Material to process –
____

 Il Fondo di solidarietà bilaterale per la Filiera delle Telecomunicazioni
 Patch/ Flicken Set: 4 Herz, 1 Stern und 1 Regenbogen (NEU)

____

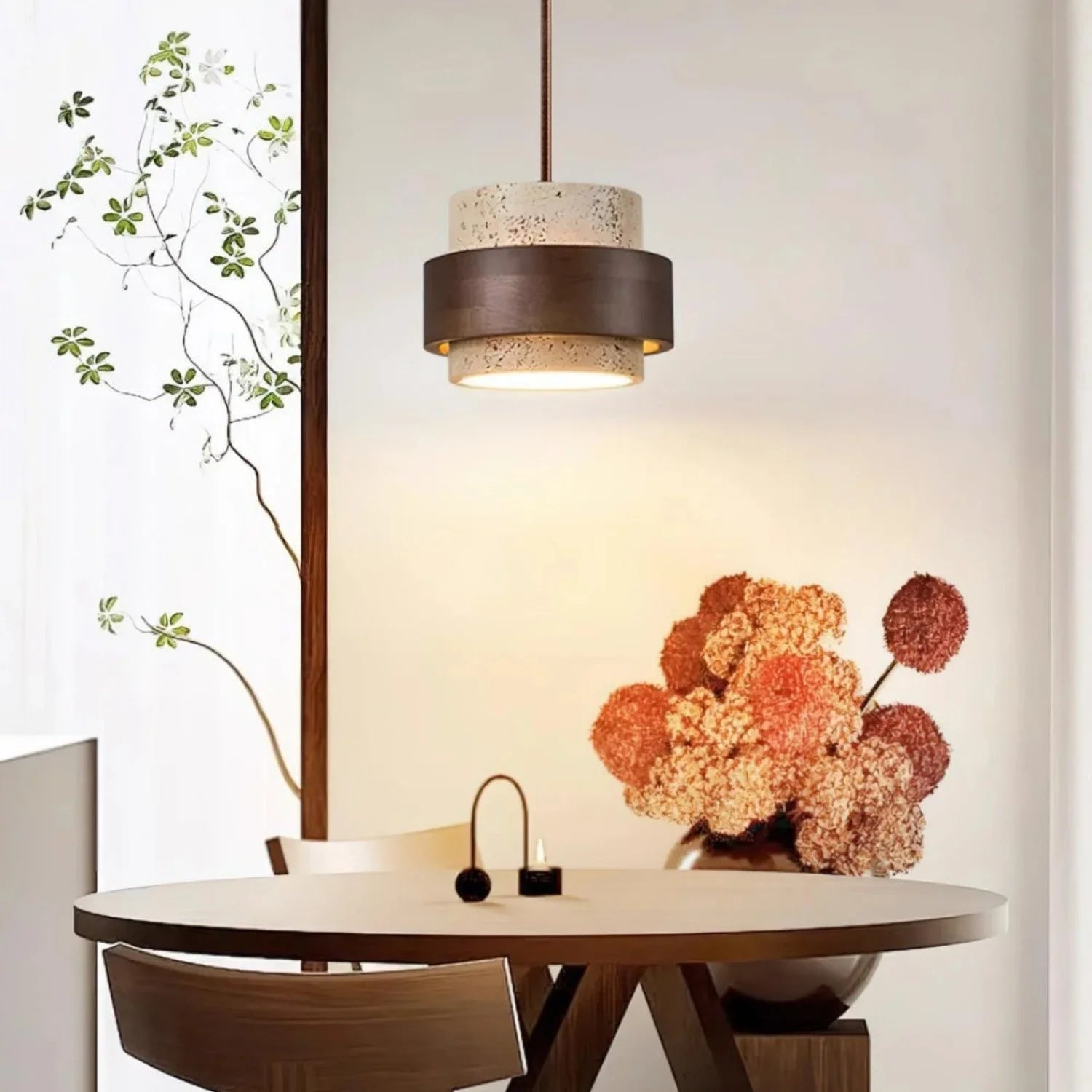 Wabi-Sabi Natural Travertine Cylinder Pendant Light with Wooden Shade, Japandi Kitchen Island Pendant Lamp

____

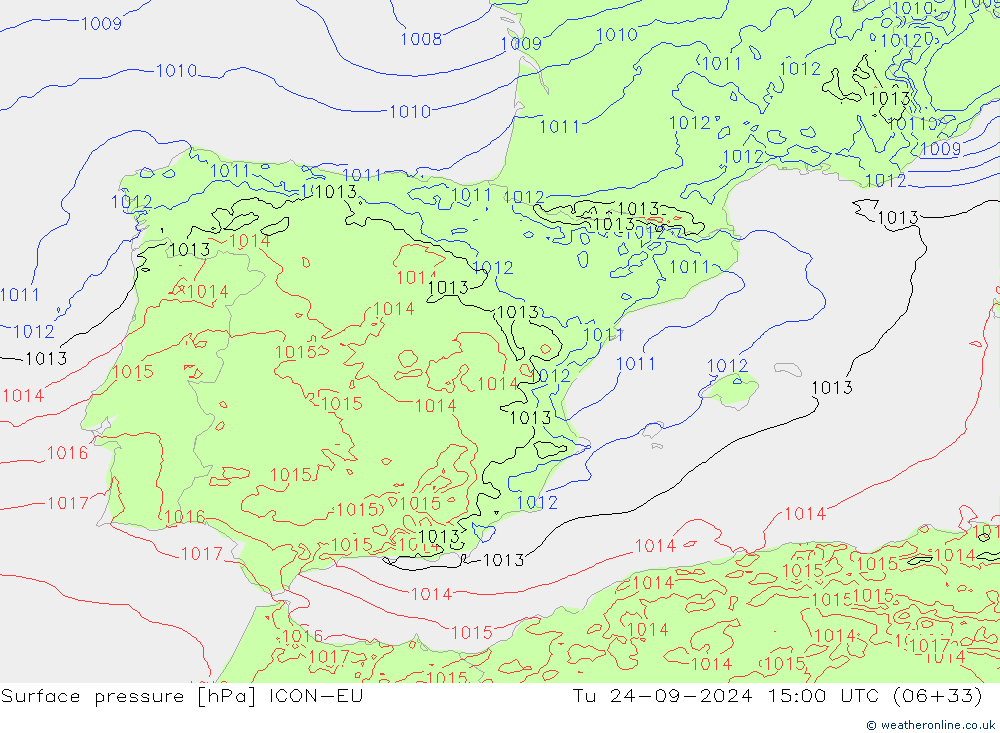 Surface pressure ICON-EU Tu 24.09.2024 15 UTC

____

Problem statement –
Lines to set down from above: the line with "Il Fondo di", the line with "Patch/ Flicken Set: 4", and every line between, each exactly as written.

Answer area –
 Il Fondo di solidarietà bilaterale per la Filiera delle Telecomunicazioni
 Patch/ Flicken Set: 4 Herz, 1 Stern und 1 Regenbogen (NEU)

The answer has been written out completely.